U.S. officials have consistently misled the American public on the country's longest-running war, according to internal government documents released by The Washington Post newspaper on Monday. The trove of over 2,000 pages includes previously unpublished notes from a federal project examining the failures of the over 18-year Afghan war. They include comments from top military commanders and diplomats that the government had tried to keep out of the public domain. But the Post won the right to publish them following a three-year legal battle, exposing oftentimes blunt assessments of the quagmire.
"If the American people knew the magnitude of this dysfunction... 2,400 lives lost," Douglas Lute, the three-star U.S. Army general who led the war effort under former President George W. Bush and President Barack Obama, told interviews working on the project in 2015. "What are we trying to do here? We didn't have the foggiest notion of what we were undertaking." Lute was referring to the official Pentagon death toll for the three-quarters of a million service members who have been deployed to Afghanistan since the U.S. invaded in 2001. Over 20,000 others have been wounded.

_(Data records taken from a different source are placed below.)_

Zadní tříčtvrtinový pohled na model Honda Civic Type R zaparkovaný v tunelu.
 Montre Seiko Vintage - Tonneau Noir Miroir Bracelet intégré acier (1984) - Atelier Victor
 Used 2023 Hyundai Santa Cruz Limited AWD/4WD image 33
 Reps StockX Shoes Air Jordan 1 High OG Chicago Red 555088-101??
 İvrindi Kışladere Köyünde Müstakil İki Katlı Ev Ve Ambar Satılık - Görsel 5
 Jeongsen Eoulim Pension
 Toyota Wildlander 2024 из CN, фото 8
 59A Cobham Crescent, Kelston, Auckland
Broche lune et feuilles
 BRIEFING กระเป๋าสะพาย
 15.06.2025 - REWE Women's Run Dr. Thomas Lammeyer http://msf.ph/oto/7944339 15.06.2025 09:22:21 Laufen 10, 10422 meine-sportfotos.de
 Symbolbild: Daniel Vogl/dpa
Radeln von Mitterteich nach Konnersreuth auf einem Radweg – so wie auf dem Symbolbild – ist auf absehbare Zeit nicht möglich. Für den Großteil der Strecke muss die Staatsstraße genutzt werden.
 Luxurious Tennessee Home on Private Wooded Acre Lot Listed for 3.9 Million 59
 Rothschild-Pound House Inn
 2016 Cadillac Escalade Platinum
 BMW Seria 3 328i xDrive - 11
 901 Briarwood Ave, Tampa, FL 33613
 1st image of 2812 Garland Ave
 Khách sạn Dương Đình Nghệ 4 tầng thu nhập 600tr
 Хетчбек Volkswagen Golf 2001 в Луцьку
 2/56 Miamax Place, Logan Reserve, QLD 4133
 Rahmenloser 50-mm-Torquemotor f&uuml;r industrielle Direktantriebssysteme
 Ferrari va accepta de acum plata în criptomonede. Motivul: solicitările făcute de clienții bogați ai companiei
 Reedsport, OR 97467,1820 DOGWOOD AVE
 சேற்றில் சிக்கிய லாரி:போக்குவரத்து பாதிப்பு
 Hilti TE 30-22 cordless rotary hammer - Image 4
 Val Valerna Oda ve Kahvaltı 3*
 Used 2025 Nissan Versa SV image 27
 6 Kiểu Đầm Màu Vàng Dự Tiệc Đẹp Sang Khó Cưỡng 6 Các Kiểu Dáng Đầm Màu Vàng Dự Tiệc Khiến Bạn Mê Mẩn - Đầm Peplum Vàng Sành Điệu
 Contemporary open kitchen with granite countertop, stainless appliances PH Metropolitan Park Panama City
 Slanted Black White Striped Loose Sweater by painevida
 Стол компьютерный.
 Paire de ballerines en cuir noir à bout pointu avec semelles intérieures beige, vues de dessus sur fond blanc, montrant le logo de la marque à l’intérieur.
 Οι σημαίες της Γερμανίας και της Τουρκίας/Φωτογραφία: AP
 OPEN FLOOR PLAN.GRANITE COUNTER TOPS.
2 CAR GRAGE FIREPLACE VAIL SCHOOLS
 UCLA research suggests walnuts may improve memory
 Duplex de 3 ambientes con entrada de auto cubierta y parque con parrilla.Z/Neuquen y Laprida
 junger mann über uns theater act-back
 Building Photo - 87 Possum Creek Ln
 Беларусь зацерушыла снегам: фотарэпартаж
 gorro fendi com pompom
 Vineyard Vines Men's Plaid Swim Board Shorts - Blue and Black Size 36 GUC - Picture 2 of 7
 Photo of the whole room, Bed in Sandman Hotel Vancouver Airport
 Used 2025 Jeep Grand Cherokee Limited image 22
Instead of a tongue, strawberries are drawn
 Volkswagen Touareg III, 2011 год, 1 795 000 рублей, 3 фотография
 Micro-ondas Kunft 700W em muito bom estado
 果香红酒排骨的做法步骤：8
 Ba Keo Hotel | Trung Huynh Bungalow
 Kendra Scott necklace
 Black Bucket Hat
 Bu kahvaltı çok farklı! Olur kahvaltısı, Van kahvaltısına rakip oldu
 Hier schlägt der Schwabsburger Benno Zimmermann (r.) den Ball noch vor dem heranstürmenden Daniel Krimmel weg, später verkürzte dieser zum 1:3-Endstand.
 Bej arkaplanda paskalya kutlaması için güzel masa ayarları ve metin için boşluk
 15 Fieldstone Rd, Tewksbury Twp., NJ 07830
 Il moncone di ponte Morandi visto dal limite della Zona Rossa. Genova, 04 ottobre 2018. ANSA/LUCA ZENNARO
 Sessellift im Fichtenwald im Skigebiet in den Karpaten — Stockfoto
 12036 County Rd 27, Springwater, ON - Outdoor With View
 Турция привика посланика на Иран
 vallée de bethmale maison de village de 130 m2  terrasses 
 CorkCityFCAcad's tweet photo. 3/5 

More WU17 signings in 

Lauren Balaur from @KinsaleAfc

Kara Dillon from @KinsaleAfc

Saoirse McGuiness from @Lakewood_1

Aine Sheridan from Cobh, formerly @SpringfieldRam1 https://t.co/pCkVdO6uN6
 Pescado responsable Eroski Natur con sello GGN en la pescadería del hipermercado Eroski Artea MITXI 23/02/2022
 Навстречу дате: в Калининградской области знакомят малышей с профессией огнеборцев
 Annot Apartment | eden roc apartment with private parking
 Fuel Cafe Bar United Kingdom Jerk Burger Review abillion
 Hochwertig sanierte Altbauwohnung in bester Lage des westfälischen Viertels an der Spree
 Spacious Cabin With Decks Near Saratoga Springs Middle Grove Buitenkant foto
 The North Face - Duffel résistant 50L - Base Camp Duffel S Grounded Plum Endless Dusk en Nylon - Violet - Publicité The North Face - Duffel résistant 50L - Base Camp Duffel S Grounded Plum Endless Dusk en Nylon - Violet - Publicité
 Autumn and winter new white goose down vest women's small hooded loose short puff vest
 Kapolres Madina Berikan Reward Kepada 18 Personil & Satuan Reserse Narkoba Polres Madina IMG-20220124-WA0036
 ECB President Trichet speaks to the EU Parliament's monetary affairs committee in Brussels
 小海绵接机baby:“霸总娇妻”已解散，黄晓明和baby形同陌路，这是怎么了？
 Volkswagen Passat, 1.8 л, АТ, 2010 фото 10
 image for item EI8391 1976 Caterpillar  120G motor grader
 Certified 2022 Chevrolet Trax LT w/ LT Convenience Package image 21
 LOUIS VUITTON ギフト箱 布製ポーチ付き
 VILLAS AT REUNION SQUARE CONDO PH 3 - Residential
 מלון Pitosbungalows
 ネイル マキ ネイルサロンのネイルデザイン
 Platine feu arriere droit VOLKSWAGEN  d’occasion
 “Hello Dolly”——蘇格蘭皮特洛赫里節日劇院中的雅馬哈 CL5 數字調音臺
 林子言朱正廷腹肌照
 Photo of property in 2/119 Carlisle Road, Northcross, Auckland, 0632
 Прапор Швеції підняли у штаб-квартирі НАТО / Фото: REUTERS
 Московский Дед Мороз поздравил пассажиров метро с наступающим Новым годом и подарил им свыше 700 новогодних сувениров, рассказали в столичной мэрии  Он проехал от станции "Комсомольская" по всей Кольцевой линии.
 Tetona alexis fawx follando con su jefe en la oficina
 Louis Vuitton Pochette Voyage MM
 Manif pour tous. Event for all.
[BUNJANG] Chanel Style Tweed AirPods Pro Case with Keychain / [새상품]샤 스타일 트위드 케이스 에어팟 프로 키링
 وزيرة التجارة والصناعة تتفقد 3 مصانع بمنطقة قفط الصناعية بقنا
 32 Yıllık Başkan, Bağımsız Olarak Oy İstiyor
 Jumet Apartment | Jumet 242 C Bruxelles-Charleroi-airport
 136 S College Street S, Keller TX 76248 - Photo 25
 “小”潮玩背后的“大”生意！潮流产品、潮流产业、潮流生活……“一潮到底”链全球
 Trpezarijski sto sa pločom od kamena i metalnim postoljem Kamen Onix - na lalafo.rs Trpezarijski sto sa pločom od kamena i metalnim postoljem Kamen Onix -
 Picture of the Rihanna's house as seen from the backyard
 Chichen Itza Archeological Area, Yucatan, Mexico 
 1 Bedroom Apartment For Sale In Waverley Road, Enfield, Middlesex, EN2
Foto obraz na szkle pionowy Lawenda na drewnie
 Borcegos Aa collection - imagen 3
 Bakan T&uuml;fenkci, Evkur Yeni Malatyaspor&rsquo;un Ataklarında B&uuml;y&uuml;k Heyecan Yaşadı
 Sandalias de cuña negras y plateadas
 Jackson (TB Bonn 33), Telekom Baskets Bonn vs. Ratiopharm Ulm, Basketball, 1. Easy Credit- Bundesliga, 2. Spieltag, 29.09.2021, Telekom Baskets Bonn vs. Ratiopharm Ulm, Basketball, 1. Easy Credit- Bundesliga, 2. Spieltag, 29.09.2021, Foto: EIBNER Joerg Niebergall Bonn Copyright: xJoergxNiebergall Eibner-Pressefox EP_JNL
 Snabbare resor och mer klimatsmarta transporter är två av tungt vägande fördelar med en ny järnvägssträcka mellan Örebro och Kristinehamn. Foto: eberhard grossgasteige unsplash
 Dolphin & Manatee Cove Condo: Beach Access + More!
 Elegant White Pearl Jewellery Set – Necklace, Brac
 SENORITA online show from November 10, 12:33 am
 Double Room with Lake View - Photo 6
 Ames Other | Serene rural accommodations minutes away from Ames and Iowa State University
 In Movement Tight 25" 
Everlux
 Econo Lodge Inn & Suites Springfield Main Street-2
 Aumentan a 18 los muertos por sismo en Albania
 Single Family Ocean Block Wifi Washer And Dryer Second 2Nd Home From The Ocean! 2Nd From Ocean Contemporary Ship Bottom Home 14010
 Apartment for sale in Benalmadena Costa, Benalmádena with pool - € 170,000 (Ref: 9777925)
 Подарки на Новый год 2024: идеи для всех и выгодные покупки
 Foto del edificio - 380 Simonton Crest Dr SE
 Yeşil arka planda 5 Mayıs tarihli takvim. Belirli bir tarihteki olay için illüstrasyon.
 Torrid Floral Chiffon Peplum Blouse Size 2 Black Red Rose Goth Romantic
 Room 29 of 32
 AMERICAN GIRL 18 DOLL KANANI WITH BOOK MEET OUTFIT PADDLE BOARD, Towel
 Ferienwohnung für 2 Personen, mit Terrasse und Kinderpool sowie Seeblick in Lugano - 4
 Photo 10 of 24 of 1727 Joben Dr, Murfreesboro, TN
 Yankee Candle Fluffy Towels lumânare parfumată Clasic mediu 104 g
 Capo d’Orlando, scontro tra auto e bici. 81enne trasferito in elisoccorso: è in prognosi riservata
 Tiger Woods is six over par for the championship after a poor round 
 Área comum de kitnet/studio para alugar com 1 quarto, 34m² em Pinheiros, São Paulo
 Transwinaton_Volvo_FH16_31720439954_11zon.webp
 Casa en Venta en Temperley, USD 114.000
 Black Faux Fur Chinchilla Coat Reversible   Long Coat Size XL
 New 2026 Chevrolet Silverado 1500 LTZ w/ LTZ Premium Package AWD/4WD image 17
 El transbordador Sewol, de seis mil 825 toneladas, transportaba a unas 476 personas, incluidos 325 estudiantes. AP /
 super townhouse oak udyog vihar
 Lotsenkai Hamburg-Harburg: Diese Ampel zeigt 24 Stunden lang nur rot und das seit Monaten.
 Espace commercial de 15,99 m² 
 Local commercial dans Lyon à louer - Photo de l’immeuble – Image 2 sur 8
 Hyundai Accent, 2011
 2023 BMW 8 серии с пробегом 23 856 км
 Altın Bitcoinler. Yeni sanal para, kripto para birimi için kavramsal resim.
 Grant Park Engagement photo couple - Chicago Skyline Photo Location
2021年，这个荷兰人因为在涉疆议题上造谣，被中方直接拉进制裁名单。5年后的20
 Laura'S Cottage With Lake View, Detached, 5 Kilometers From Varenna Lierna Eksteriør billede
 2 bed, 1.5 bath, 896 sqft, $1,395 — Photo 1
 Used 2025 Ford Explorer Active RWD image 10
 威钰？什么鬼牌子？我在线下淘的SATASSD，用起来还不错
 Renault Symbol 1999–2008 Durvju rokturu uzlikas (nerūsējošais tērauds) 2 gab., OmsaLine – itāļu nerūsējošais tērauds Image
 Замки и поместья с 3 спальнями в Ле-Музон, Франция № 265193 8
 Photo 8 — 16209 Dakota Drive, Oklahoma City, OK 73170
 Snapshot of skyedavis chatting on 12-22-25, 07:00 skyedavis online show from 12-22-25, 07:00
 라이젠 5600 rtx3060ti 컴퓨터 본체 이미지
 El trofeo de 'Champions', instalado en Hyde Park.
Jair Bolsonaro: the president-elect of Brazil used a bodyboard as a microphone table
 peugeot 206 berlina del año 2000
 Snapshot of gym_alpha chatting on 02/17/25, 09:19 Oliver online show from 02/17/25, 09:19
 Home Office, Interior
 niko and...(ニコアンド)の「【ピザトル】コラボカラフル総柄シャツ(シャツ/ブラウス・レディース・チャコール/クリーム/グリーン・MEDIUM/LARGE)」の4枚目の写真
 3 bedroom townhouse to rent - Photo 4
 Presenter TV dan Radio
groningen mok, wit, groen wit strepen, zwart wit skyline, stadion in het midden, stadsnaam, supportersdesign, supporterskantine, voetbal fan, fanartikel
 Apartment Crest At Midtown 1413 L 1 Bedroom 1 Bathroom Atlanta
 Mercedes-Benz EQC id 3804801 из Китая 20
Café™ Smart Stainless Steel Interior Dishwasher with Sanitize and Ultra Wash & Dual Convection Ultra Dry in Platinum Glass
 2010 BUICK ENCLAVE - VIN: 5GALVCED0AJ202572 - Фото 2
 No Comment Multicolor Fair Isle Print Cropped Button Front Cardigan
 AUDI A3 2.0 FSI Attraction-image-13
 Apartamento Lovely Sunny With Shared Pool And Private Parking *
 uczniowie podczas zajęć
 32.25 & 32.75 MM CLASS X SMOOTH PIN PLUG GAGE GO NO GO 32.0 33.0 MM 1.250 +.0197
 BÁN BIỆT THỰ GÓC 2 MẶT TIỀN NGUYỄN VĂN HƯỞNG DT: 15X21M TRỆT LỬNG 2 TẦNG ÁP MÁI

The U.S. Agency for International Development, the Pentagon and U.S. State Department have spent or allocated between $934 billion and $978 billion on the war and rebuilding efforts, according to an assessment from Neta Crawford, a political science professor and co-director of the Costs of War Project at Brown University, cited by the Post.
That sum does not include expenditures from the CIA, the Department of Veterans Affairs, or other relevant agencies, however, making the real total likely to eclipse $1 trillion. "What did we get for this $1 trillion effort? Was it worth $1 trillion?" Jeffrey Eggers, a Bush and Obama White House staffer and former Navy SEAL, said. "After the killing of Osama bin Laden, I said that Osama was probably laughing in his watery grave considering how much we have spent on Afghanistan." The frank assessment flies in the face of the public narrative continuously marched out by the Pentagon and State Department that the U.S. is making progress in the war in Afghanistan, and that it is in fact worth the costs — both human and economic — being tallied up as it continues without an end in sight. "Every data point was altered to present the best picture possible," Bob Crowley, a U.S. Army colonel who helped lead counterinsurgency efforts under Obama in 2013 and 2014, told interviewers. "Surveys, for instance, were totally unreliable but reinforced that everything we were doing was right and we became a self-licking ice cream cone." John Sopko, the head of the Office of the Special Inspector General for Afghanistan Reconstruction which led the project, acknowledged in comments to the post that the documents show "the American people have constantly been lied to."
In all, the documents obtained by the Post identify just 62 of the interviewees while 366 others were allowed to remain anonymous following the protracted legal battle between the Post and Sopko's office, known in shorthand as SIGAR. The agency argued in court that the 366 individuals should be treated as whistleblowers who could face retaliation if their names were to be published. A final decision has yet to be reached, but the Post went ahead with publication rather than await a ruling that could potentially side with the agency.